• **Stored records**:
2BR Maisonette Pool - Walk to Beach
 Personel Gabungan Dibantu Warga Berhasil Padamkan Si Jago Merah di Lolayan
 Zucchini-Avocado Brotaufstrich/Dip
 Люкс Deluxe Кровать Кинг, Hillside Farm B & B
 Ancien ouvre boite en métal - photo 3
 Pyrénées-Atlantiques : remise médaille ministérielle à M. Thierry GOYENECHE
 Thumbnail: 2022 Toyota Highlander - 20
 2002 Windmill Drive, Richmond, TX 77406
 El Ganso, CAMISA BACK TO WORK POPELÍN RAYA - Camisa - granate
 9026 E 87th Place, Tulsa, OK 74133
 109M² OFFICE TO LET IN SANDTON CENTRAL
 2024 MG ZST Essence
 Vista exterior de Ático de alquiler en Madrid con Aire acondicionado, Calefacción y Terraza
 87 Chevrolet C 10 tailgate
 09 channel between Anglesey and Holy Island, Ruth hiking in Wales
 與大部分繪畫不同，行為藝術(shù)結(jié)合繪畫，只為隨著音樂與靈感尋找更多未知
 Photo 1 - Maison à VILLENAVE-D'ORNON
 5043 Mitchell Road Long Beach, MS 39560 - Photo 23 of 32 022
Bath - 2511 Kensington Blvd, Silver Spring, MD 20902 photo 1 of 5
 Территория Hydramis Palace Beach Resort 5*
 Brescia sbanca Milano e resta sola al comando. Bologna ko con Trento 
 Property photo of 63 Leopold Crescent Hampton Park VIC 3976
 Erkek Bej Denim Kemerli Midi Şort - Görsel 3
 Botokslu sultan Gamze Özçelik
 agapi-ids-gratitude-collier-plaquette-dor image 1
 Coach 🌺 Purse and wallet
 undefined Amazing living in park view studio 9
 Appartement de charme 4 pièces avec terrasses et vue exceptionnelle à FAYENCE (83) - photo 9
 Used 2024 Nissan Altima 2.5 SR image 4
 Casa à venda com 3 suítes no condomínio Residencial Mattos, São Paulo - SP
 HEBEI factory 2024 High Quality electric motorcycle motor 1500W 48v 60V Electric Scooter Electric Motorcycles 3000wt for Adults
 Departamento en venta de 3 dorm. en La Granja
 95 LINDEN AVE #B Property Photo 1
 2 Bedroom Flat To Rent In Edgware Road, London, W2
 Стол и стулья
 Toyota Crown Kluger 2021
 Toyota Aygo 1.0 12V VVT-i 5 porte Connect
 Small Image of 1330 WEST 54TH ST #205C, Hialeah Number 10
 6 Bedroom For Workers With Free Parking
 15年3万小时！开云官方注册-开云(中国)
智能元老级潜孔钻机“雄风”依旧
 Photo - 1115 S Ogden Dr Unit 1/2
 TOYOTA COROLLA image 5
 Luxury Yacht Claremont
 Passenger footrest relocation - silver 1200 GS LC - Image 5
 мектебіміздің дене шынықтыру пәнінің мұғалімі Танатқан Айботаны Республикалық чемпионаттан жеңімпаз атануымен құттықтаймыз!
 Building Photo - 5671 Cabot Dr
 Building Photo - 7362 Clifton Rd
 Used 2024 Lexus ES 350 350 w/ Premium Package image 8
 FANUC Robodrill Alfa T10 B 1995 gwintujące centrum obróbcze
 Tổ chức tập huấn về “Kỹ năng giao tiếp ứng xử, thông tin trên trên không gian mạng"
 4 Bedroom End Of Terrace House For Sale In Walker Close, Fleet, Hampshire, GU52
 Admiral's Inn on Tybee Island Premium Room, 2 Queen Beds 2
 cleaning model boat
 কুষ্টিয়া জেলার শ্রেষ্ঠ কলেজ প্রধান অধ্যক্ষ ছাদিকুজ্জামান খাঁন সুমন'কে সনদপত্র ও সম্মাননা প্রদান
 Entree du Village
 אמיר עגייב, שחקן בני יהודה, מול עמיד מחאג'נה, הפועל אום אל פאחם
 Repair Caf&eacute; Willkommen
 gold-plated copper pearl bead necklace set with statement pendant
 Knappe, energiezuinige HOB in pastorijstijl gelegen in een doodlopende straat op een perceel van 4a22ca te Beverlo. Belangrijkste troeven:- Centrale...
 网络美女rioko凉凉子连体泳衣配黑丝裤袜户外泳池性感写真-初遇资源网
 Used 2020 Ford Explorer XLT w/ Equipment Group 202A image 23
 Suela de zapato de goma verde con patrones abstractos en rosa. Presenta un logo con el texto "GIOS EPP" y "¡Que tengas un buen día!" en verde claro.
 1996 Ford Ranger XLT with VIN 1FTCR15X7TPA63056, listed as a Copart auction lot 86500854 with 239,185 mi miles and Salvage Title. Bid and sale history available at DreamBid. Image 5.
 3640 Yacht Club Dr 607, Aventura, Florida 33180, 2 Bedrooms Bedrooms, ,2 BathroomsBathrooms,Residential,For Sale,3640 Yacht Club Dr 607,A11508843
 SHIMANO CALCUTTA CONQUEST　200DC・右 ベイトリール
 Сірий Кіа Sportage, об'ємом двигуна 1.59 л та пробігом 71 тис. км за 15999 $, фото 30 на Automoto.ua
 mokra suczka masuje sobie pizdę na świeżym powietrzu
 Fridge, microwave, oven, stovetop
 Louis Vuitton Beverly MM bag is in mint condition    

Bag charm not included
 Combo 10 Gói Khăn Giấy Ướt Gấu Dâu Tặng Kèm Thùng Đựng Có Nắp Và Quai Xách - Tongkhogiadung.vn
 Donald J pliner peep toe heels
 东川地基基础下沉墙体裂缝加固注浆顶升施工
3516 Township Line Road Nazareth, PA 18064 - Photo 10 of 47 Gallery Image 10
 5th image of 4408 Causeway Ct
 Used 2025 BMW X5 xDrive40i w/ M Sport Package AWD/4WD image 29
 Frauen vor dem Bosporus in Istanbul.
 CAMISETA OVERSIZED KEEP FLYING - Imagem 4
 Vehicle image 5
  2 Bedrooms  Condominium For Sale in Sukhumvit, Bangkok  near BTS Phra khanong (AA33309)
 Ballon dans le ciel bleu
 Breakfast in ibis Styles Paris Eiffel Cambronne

• **The task**: Quote the records from their first line to the line with "Thumbnail: 2022 Toyota Highlander - 20", inclusive, without adding or dropping anything.

• **Exercise response**:
2BR Maisonette Pool - Walk to Beach
 Personel Gabungan Dibantu Warga Berhasil Padamkan Si Jago Merah di Lolayan
 Zucchini-Avocado Brotaufstrich/Dip
 Люкс Deluxe Кровать Кинг, Hillside Farm B & B
 Ancien ouvre boite en métal - photo 3
 Pyrénées-Atlantiques : remise médaille ministérielle à M. Thierry GOYENECHE
 Thumbnail: 2022 Toyota Highlander - 20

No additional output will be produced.